Pillow Talk – Committed Relationships: Brotherhood/Sisterhood
Friendships are some of the greatest ways God can express and reveal His love to us! In the last post of ‘Pillow Talk’ we looked at how you can break a season of isolation, and through a community, we can start building casual friendships. Ultimately, I believe through the Love of Jesus what our hearts truly crave is to know and be known by others. (1 Corinthian 8:3) This can be quite a challenge for many of us because it requires a level of vulnerability on our part.
What does vulnerability mean to you? Is it liberating, daunting, nerve-racking, or all the above?
When I first started attending Epic I was uber slow to get involved, but my new friend Jeremy encouraged me to join his small group for a semester. My resistance stemmed from a fear of letting others get too close to really know me and God forbid see my imperfections. My first experience of the small group was filled with an atmosphere of warmth. We shared a meal, enjoyed each other’s company while cracking jokes, and then we dove into the Word. It was in these fellowships I first began to see a level of vulnerability I had never experienced before with people outside of my family.
Vulnerability begets vulnerability:
One evening we broke out into even smaller groups within the group. Each of us had an opportunity to talk about what was happening in our personal lives, and areas we may have needed prayers. Chad, a new friend at the time whom I now call a brother, shared with our group a detailed story of his past life and current hang-ups. He was honest, forthright, and authentic. We had just barely known one another, yet he trusted us with his story. I was incredibly honored and awestruck that he was comfortable being this vulnerable only after a few evenings of getting to chat with him. His vulnerability was life-giving, and with time it encouraged me to be more vulnerable too!

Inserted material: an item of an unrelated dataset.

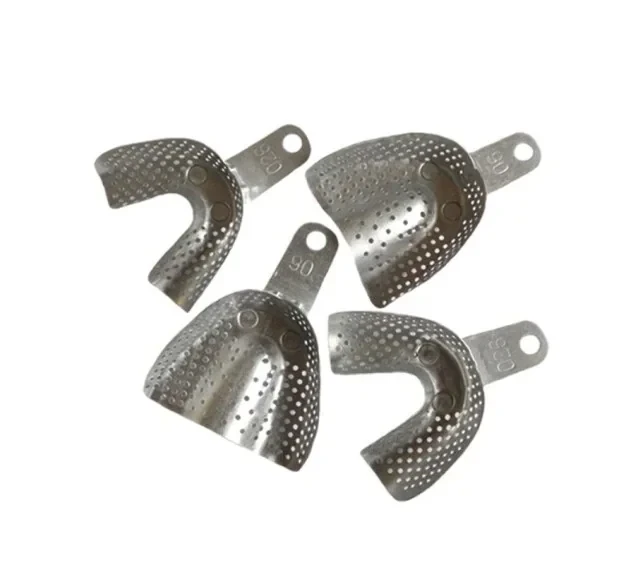 CUBETA DE ACERO INOXIDABLE X UN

“Therefore, confess your sins to each other and pray for each other so that you may be healed...” (James 5:16)
It can be very counter culture for us to talk about, let alone, be vulnerable with one another. In some regards, it can be viewed as a sign of weakness. I bought this fallacy growing up, but with maturity, I have come to see vulnerability as a sign of unbelievable courage and true strength. It is an opening to invite others into your life, agree together, and pray for one another. I can be known to be a little reserved when it comes to talking about myself, but that night I shared little pieces of my story I had never shared with anyone before. I felt secure and confident I was amongst brothers who cared. This moment showed me how our stories may be painful, grimy, or enlightening, but we get to own our story to sculpt our vision for our future, rather than our story becoming our identity.

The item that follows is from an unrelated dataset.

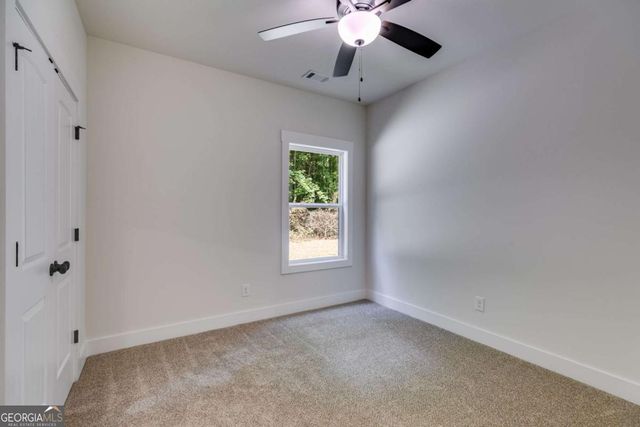 338 Dunn Road, Silver Creek, GA 30173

God’s example of committed relationships:
Over the years, especially the last six months, Chad and I have gotten to know each other well. He has become a brother I can call on to share good news and/or current hang-ups in my life. We commit to talking regularly and encourage one another. It has been nothing short of life-giving and liberating. It reminds me of the friendship Paul had with Timothy.
Paul and Timothy’s relationship reflected:
· Mentorship – Sharing and learning from one another
· Partnership – Celebrating, suffering, and enduring together
· Brotherhood/ sisterhood – A genuine love and care that supports one another indiscriminately (Proverbs 18:24)

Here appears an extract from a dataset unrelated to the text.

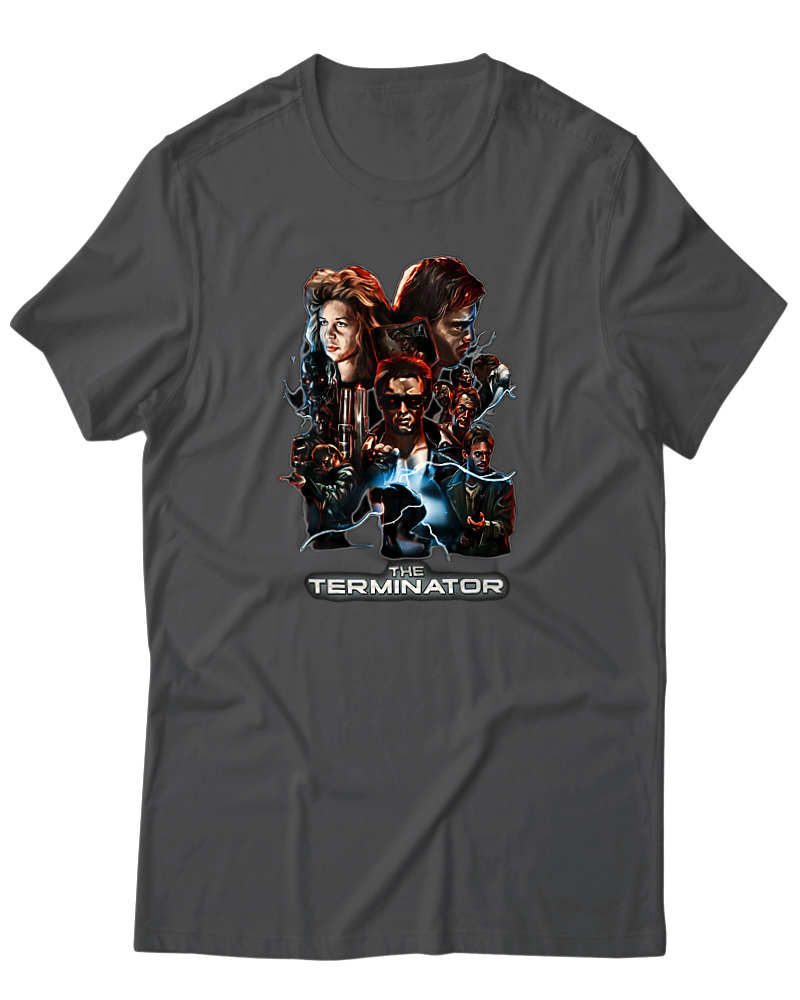 Terminator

My friendship with Chad is just one of many examples of what a committed relationship can look like, and other relationships I have formed both inside and outside of Epic. Maybe your most committed relationships are with a parent, a sibling, a friend, or a spouse. Learning to be as authentic and vulnerable as we can be can help to foreshadow and lay the framework for all our future and existing relationships.
What are some active steps you can take to sow vulnerability in your committed relationships?
· Be authentic and genuine
· Take baby steps and share what you feel comfortable
· Leave ample room for grace and pray for one another
I believe ‘to be known’ is liberating, and a confidant is a direct offspring. “A friend loves at all times, and a brother is born for adversity.” (Proverbs17:17)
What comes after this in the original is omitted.